Previously centered around the command line, ClinicaDL now provides a flexible Python API that allows users to build and customize deep learning pipelines with high-level configuration objects. The goal is to make the code more maintainable, scalable, and user-extensible, while preserving the core values of ClinicaDL: reproducibility, robust support for neuroimaging, and data leakage prevention.

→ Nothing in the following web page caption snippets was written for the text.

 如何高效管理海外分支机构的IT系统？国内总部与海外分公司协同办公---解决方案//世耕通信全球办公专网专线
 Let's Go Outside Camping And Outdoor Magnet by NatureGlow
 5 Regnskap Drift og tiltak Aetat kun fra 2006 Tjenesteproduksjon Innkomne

This is the first release candidate for version 2.0.0, with the final release planned for September 2025.

Highlights

  • Full rewrite of the core library — now fully object-oriented and modular.
  • New modules (see next section)
  • New MAPS architecture for managing model outputs and metadata.
  • Clear configuration-based design with JSON files and dedicated config classes based on pydantic.
  • Modern deep learning tooling: PyTorch, MONAI, TorchIO, HuggingFace, MLflow, and Weights & Biases support.
  • Extensive and fully updated documentation.

Added

Core Modules:

  • Trainer: high-level training controller managing full model lifecycle.
  • ClinicaDLModel: flexible base class to define and extend custom architectures.
  • CapsDataset: redesigned dataset class in the new dataset module, tailored for CAPS/MAPS.
  • Splitter: new module for managing train/val/test split logic.
  • Maps: a structured and reproducible representation of model outputs and metadata.

Configuration Classes:

  • OptimizationConfig, DataloaderConfig, LossConfig, TransformConfig, MetricConfig, etc.
  • Designed to be composable and readable using TOML files.
  • Stored alongside results to ensure experiment traceability.

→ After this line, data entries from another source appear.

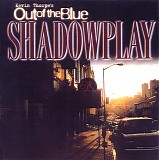 Out Of The Blue - Shadowplay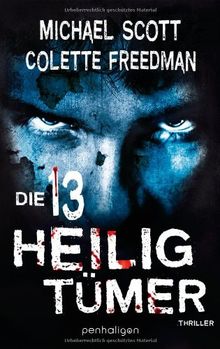 Die 13 Heiligtümer: Thriller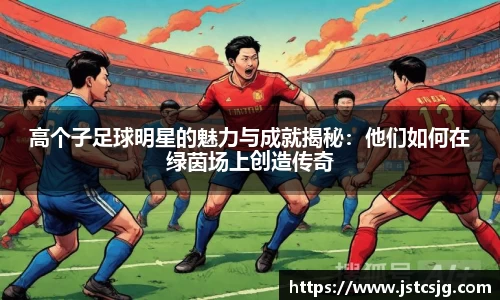 高个子足球明星的魅力与成就揭秘：他们如何在绿茵场上创造传奇
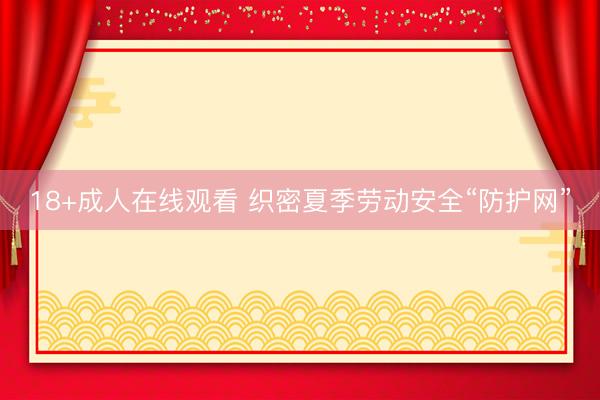 18+成人在线观看 织密夏季劳动安全“防护网”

Integration with Modern Tools:

  • Transforms: use of torchio and monai.transforms for preprocessing and data augmentation.
  • Metrics: integration with MONAI metrics and support for custom metrics.
  • Networks: fully compatible with native PyTorch models.
  • Logging: support for MLflow and Weights & Biases (W&B) out of the box.
  • HuggingFace: integration point for loading pretrained models and tokenizers.

Documentation:

  • Fully rewritten Sphinx documentation with improved structure and usage examples.
  • Interactive object documentation and visual MAPS structure navigation.

Changed

  • All pipelines removed and replaced by a unified API-driven interface.
  • Internal architecture redesigned for independent modules that can be combined or extended.
  • CLI options replaced by TOML configuration — reducing duplication and increasing clarity.
  • All training now done through Trainer, using configuration objects and custom hooks.

Removed

  • All legacy CLI commands (e.g., clinicadl train, clinicadl random-search, etc.).
  • Old pipelines (train_from_json, preprocessing run, etc.).
  • JSON-based configuration files.
  • Hardcoded command-line flags and argparse logic.

Breaking Changes

  • Backward compatibility is broken with all 1.x versions.
  • You must migrate to the new API and TOML-based configuration system.